DESCRIPTION OF THE TASK = Report the number of lines in the data where the word "flowers" appears, and add no other text.

───

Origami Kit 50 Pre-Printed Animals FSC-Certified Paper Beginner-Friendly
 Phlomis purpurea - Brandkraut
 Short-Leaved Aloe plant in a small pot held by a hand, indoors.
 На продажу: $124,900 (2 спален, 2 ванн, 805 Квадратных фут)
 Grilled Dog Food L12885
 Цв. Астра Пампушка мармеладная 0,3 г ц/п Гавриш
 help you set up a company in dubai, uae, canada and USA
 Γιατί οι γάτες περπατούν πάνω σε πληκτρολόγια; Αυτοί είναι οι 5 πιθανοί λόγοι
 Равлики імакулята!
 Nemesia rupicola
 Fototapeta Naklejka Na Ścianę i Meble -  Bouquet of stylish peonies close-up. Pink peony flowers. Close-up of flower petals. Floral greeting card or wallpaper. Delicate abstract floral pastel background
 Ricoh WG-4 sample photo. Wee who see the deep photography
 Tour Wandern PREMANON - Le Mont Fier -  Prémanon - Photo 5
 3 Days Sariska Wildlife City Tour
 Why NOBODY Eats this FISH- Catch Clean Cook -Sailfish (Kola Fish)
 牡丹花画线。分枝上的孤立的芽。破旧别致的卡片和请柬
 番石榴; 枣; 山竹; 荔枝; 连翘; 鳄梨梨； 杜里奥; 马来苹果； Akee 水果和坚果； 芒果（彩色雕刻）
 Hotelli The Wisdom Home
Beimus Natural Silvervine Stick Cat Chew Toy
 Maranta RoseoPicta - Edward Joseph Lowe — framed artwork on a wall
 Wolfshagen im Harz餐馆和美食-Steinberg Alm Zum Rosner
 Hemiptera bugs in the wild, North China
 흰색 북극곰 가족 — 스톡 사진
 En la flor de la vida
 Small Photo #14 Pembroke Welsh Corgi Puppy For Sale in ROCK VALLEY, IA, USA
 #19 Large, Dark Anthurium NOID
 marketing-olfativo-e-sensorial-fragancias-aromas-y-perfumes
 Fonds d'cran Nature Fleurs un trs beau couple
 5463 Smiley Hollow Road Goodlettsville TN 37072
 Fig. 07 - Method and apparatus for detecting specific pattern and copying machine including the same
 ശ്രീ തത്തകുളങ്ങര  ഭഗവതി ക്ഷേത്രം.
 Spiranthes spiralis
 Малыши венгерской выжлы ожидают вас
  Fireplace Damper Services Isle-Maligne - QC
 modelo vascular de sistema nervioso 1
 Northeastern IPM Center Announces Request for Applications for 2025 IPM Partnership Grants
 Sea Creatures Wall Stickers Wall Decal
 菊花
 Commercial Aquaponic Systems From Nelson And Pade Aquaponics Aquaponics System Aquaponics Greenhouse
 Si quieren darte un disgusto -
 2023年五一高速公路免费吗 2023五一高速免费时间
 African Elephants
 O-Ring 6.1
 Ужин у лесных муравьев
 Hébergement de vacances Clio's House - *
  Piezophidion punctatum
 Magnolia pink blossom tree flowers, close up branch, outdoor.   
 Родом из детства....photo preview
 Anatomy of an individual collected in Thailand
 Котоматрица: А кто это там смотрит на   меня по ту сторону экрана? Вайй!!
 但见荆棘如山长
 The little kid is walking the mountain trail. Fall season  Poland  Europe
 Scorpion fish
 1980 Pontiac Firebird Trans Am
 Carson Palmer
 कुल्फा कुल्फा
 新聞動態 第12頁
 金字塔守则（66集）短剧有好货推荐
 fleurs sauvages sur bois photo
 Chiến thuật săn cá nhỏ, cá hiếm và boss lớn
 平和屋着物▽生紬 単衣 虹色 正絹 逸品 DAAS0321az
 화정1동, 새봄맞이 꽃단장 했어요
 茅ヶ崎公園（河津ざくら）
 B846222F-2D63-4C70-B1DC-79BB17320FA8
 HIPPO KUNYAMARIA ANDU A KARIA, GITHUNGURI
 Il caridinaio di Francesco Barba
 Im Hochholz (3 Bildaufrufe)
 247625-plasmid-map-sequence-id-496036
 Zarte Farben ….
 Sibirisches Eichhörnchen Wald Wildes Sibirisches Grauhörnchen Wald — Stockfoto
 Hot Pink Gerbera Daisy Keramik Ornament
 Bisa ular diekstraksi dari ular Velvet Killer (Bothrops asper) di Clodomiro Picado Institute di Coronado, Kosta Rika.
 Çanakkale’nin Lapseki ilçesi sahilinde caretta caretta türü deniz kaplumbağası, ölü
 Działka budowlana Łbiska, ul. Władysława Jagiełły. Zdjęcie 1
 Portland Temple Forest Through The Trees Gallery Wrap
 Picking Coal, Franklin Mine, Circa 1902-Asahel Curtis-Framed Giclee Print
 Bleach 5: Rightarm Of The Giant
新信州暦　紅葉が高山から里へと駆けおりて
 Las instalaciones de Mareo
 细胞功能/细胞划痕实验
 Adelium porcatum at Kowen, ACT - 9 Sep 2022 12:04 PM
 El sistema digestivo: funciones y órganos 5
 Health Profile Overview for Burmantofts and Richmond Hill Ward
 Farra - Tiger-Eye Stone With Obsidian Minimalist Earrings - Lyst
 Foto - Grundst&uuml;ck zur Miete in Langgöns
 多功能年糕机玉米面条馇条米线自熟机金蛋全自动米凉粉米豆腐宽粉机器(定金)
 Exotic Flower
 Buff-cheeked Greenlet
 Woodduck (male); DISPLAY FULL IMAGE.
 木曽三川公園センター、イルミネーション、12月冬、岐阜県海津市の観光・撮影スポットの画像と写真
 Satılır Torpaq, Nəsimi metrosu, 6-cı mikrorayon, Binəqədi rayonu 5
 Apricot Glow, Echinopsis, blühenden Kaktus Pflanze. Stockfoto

───

EXERCISE ANSWER = 2